**Short descriptive text snippets:**
------

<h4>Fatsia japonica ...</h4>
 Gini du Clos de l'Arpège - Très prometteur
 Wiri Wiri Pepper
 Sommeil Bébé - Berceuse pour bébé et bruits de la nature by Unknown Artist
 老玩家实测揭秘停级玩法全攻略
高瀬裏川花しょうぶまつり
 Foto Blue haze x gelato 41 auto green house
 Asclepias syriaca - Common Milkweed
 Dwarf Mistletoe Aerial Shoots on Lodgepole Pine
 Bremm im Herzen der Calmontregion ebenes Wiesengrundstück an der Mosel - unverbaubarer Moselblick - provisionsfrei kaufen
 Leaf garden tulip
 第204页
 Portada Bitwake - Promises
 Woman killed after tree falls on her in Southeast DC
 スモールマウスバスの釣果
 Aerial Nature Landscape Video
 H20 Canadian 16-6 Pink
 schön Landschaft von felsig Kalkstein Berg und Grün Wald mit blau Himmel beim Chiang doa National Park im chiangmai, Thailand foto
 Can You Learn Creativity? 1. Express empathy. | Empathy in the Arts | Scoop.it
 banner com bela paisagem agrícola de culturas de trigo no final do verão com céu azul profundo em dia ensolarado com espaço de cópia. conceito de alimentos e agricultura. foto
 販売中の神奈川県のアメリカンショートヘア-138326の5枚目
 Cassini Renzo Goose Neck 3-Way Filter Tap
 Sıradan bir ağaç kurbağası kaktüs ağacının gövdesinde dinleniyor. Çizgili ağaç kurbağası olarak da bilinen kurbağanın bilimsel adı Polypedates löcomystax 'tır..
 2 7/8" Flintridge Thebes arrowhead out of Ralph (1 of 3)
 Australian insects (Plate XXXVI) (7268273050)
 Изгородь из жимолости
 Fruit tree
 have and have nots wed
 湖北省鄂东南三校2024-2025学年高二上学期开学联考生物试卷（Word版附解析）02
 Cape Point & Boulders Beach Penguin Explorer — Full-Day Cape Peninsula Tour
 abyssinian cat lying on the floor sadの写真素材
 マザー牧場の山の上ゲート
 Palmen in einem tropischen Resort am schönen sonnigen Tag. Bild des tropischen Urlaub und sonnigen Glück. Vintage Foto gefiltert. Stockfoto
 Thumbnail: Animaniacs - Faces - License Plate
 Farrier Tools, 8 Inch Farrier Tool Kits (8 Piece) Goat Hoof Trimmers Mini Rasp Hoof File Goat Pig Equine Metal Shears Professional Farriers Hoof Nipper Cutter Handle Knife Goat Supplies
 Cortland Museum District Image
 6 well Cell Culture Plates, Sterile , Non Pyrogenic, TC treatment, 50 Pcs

------

**Exercise aim:**
Without any alteration, repeat each entry shown above.

**Answer box:**
<h4>Fatsia japonica ...</h4>
 Gini du Clos de l'Arpège - Très prometteur
 Wiri Wiri Pepper
 Sommeil Bébé - Berceuse pour bébé et bruits de la nature by Unknown Artist
 老玩家实测揭秘停级玩法全攻略
高瀬裏川花しょうぶまつり
 Foto Blue haze x gelato 41 auto green house
 Asclepias syriaca - Common Milkweed
 Dwarf Mistletoe Aerial Shoots on Lodgepole Pine
 Bremm im Herzen der Calmontregion ebenes Wiesengrundstück an der Mosel - unverbaubarer Moselblick - provisionsfrei kaufen
 Leaf garden tulip
 第204页
 Portada Bitwake - Promises
 Woman killed after tree falls on her in Southeast DC
 スモールマウスバスの釣果
 Aerial Nature Landscape Video
 H20 Canadian 16-6 Pink
 schön Landschaft von felsig Kalkstein Berg und Grün Wald mit blau Himmel beim Chiang doa National Park im chiangmai, Thailand foto
 Can You Learn Creativity? 1. Express empathy. | Empathy in the Arts | Scoop.it
 banner com bela paisagem agrícola de culturas de trigo no final do verão com céu azul profundo em dia ensolarado com espaço de cópia. conceito de alimentos e agricultura. foto
 販売中の神奈川県のアメリカンショートヘア-138326の5枚目
 Cassini Renzo Goose Neck 3-Way Filter Tap
 Sıradan bir ağaç kurbağası kaktüs ağacının gövdesinde dinleniyor. Çizgili ağaç kurbağası olarak da bilinen kurbağanın bilimsel adı Polypedates löcomystax 'tır..
 2 7/8" Flintridge Thebes arrowhead out of Ralph (1 of 3)
 Australian insects (Plate XXXVI) (7268273050)
 Изгородь из жимолости
 Fruit tree
 have and have nots wed
 湖北省鄂东南三校2024-2025学年高二上学期开学联考生物试卷（Word版附解析）02
 Cape Point & Boulders Beach Penguin Explorer — Full-Day Cape Peninsula Tour
 abyssinian cat lying on the floor sadの写真素材
 マザー牧場の山の上ゲート
 Palmen in einem tropischen Resort am schönen sonnigen Tag. Bild des tropischen Urlaub und sonnigen Glück. Vintage Foto gefiltert. Stockfoto
 Thumbnail: Animaniacs - Faces - License Plate
 Farrier Tools, 8 Inch Farrier Tool Kits (8 Piece) Goat Hoof Trimmers Mini Rasp Hoof File Goat Pig Equine Metal Shears Professional Farriers Hoof Nipper Cutter Handle Knife Goat Supplies
 Cortland Museum District Image
 6 well Cell Culture Plates, Sterile , Non Pyrogenic, TC treatment, 50 Pcs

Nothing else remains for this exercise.